Text Search with Confluent Cloud for Apache Flink¶
Confluent Cloud for Apache Flink® supports read-only external tables to enable full-text search over external databases, like MongoDB, Couchbase, and Elasticsearch.
Note
Text Search is an Open Preview feature in Confluent Cloud.
A Preview feature is a Confluent Cloud component that is being introduced to gain early feedback from developers. Preview features can be used for evaluation and non-production testing purposes or to provide feedback to Confluent. The warranty, SLA, and Support Services provisions of your agreement with Confluent do not apply to Preview features. Confluent may discontinue providing preview releases of the Preview features at any time in Confluent’s’ sole discretion.
Use the TEXT_SEARCH_AGG function to run text searches over external databases in Confluent Cloud for Apache Flink.
The output of TEXT_SEARCH_AGG is an array with all rows in the external table that have matching text in the search column.
Syntax¶
SELECT * FROM text_input,
LATERAL TABLE(TEXT_SEARCH_AGG(<external_table>, DESCRIPTOR(<input_column>), <search_column>, <LIMIT>))
Supported providers¶
- MongoDB
- Couchbase
- Elasticsearch
Search table parameters¶
Common parameters¶
{CONNECTOR}¶
Provider name.
{CONNECTOR}.PARAMS.*¶
Parameters supported by external providers.
MongoDB properties¶
mongodb.connection¶
MongoDB connection that includes the endpoint, username, and passwords.
This property is required.
Couchbase properties¶
couchbase.connection¶
Couchbase connection that includes the endpoint, username, and password.
This property is required.
Elasticsearch properties¶
Elasticsearch does not support username and password credentials.
elastic.connection¶
Elastic connection that includes the endpoint and the api key. For more information, see Manage Connections.
This property is required.
Examples¶
Full text search with MongoDB¶
This example shows how to run text search with MongoDB by using Flink SQL.
This example shows the following steps:
- Create a connection resource to a MongoDB database.

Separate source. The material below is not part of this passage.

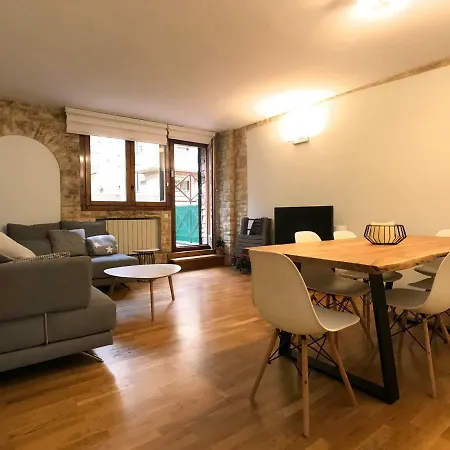 Poblat Andorrá, Encamp, Con Terraza, Zona Grandvalira Apartamento *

- Create a MongoDB external table.
- Create a text input table.
- Text search on movie plots.
- Show the results and store them in a new table.
It assumes an Atlas cluster as shown in Create a Cluster and MongoDB sample dataset.
Run the following command to create a connection resource named mongodb-connection that uses your MongoDB credentials.
confluent flink connection create mongodb-connection \ --cloud AZURE \ --region westus2 \ --type mongodb \ --endpoint ${atlas_endpoint} \ --username ${atlas_username} \ --password ${atlas_password} \ --environment ${ENV_ID}
Create a MongoDB external table.
-- mongodb full text search CREATE TABLE mongodb_movies_full_text_search ( title STRING, plot STRING ) WITH ( 'connector' = 'mongodb', 'mongodb.connection' = 'mongodb-connection', 'mongodb.database' = 'sample_mflix', 'mongodb.collection' = 'movies', 'mongodb.index' = 'default' );
Create a search table.
-- create search table CREATE TABLE movies_full_text_search( plot STRING );
Insert data into the search table.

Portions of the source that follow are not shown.